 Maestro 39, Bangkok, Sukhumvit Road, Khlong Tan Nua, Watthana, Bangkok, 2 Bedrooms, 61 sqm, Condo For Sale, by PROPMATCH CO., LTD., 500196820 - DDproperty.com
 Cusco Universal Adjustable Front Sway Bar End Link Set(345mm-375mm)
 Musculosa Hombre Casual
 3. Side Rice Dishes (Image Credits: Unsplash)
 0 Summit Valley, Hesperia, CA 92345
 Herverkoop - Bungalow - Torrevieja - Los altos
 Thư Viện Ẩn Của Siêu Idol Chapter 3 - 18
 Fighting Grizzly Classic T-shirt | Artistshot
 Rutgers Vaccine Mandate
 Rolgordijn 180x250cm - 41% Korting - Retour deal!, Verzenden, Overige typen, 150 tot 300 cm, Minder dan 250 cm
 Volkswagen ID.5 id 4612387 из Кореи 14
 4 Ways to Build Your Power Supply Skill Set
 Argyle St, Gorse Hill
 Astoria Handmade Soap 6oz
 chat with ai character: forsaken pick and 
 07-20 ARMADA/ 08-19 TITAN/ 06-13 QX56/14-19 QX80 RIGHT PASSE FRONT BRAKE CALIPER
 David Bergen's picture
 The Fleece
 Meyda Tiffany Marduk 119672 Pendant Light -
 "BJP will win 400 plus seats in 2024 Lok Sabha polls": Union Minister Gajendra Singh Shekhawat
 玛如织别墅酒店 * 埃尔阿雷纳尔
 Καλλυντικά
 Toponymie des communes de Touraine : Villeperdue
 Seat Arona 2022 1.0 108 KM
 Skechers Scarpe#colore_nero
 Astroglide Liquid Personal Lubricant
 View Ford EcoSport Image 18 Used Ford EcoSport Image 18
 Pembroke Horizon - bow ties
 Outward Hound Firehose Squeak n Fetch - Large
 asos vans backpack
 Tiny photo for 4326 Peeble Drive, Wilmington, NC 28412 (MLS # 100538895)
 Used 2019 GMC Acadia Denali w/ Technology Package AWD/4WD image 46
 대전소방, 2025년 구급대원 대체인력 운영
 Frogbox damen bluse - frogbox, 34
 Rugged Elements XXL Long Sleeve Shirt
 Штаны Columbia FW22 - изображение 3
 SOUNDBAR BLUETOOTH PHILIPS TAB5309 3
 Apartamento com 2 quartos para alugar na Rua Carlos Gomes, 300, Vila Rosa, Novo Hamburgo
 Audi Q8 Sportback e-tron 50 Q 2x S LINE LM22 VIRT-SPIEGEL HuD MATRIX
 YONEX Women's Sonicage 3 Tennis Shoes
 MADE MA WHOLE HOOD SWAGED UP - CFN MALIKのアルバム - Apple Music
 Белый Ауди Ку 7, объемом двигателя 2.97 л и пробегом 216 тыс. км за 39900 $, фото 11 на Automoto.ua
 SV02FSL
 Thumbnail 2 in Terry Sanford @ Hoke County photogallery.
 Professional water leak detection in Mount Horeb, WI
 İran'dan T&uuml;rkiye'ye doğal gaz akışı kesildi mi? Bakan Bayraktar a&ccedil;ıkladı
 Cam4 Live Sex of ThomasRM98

WHAT TO WORK ON:
Beginning with the first line of the listing above, please write out every line exactly until you reach the line that contains "Frogbox damen bluse - frogbox, 34", and include that one too.

WRITTEN ANSWER:
 Maestro 39, Bangkok, Sukhumvit Road, Khlong Tan Nua, Watthana, Bangkok, 2 Bedrooms, 61 sqm, Condo For Sale, by PROPMATCH CO., LTD., 500196820 - DDproperty.com
 Cusco Universal Adjustable Front Sway Bar End Link Set(345mm-375mm)
 Musculosa Hombre Casual
 3. Side Rice Dishes (Image Credits: Unsplash)
 0 Summit Valley, Hesperia, CA 92345
 Herverkoop - Bungalow - Torrevieja - Los altos
 Thư Viện Ẩn Của Siêu Idol Chapter 3 - 18
 Fighting Grizzly Classic T-shirt | Artistshot
 Rutgers Vaccine Mandate
 Rolgordijn 180x250cm - 41% Korting - Retour deal!, Verzenden, Overige typen, 150 tot 300 cm, Minder dan 250 cm
 Volkswagen ID.5 id 4612387 из Кореи 14
 4 Ways to Build Your Power Supply Skill Set
 Argyle St, Gorse Hill
 Astoria Handmade Soap 6oz
 chat with ai character: forsaken pick and 
 07-20 ARMADA/ 08-19 TITAN/ 06-13 QX56/14-19 QX80 RIGHT PASSE FRONT BRAKE CALIPER
 David Bergen's picture
 The Fleece
 Meyda Tiffany Marduk 119672 Pendant Light -
 "BJP will win 400 plus seats in 2024 Lok Sabha polls": Union Minister Gajendra Singh Shekhawat
 玛如织别墅酒店 * 埃尔阿雷纳尔
 Καλλυντικά
 Toponymie des communes de Touraine : Villeperdue
 Seat Arona 2022 1.0 108 KM
 Skechers Scarpe#colore_nero
 Astroglide Liquid Personal Lubricant
 View Ford EcoSport Image 18 Used Ford EcoSport Image 18
 Pembroke Horizon - bow ties
 Outward Hound Firehose Squeak n Fetch - Large
 asos vans backpack
 Tiny photo for 4326 Peeble Drive, Wilmington, NC 28412 (MLS # 100538895)
 Used 2019 GMC Acadia Denali w/ Technology Package AWD/4WD image 46
 대전소방, 2025년 구급대원 대체인력 운영
 Frogbox damen bluse - frogbox, 34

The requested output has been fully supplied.